Goal of the exercise
Counting the line with "LRL Lauren Jeans" as the last one, copy out the lines of the data exactly from the first onward.

[Records contained in a dataset]
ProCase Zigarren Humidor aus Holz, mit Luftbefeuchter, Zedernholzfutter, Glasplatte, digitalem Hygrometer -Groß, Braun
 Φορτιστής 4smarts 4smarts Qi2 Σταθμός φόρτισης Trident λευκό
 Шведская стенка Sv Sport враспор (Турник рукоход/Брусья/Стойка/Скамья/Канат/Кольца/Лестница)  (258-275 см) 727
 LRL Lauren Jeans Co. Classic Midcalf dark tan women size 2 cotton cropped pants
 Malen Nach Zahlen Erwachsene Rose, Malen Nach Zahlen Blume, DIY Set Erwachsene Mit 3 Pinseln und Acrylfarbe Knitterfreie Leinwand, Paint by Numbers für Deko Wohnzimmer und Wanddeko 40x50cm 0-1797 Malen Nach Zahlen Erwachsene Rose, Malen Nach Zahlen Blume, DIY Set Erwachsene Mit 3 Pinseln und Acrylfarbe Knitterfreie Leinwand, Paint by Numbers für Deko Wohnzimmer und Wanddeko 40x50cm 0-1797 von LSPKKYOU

Exercise result
ProCase Zigarren Humidor aus Holz, mit Luftbefeuchter, Zedernholzfutter, Glasplatte, digitalem Hygrometer -Groß, Braun
 Φορτιστής 4smarts 4smarts Qi2 Σταθμός φόρτισης Trident λευκό
 Шведская стенка Sv Sport враспор (Турник рукоход/Брусья/Стойка/Скамья/Канат/Кольца/Лестница)  (258-275 см) 727
 LRL Lauren Jeans Co. Classic Midcalf dark tan women size 2 cotton cropped pants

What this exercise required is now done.